Records shown
::::
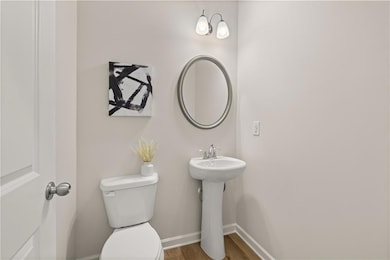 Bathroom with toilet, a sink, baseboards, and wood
::::
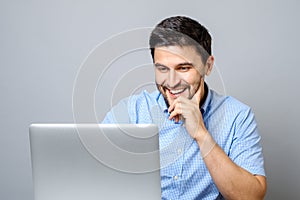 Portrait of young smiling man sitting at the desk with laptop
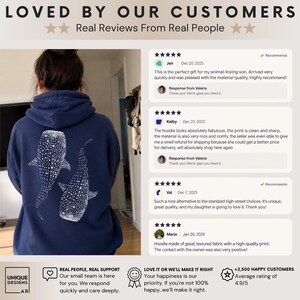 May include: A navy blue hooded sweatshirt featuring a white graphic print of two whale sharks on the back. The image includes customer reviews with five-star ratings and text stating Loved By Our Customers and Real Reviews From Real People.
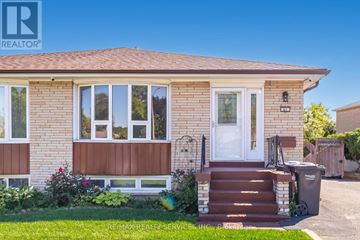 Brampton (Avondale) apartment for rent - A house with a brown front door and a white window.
::::
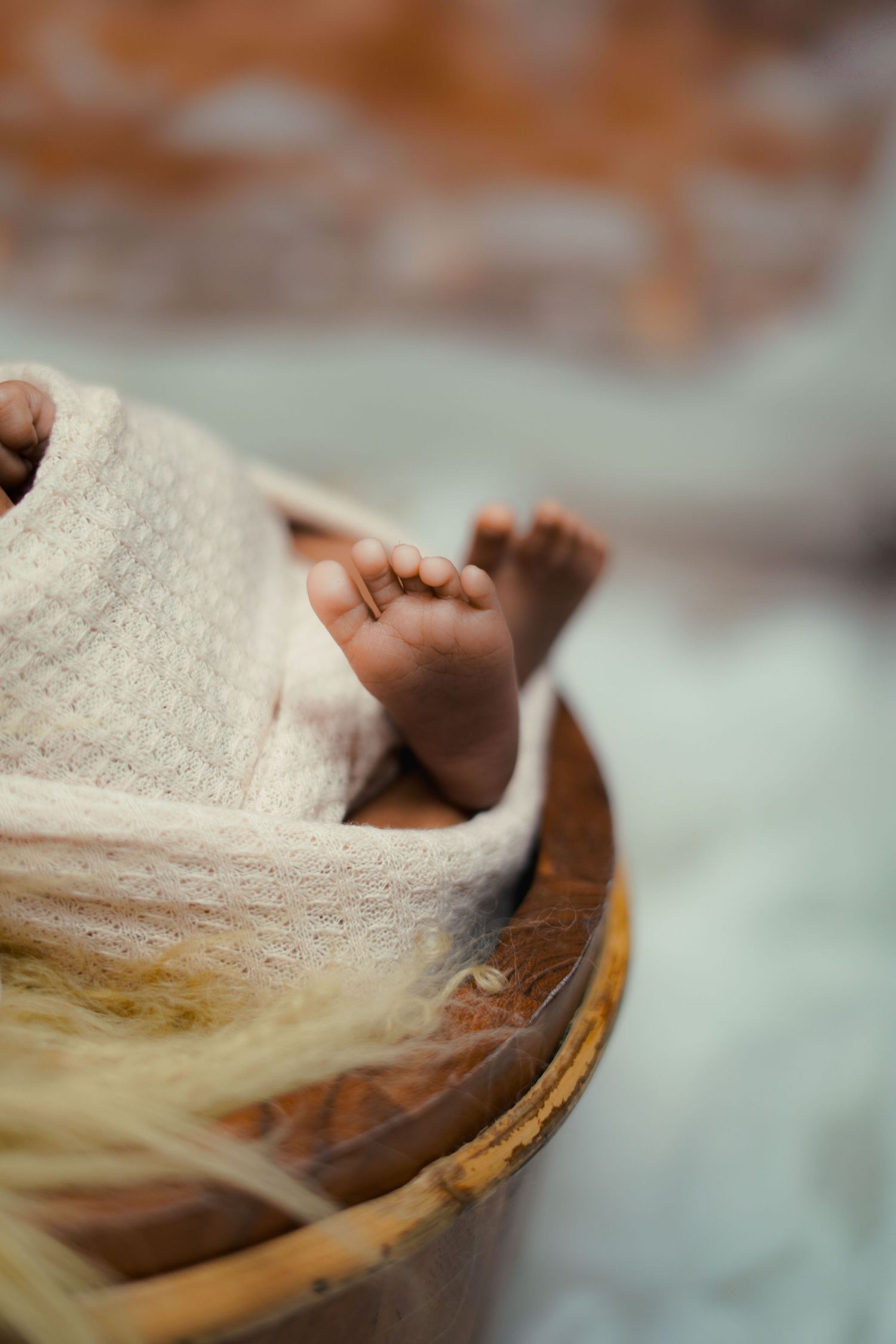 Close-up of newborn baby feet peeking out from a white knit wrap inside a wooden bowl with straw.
::::
Transcribe the listing above exactly, but only from the line with "Portrait of young" through the line with "May include: A". Include both of those lines and omit the pictures.

Exercise answer
 Portrait of young smiling man sitting at the desk with laptop
 May include: A navy blue hooded sweatshirt featuring a white graphic print of two whale sharks on the back. The image includes customer reviews with five-star ratings and text stating Loved By Our Customers and Real Reviews From Real People.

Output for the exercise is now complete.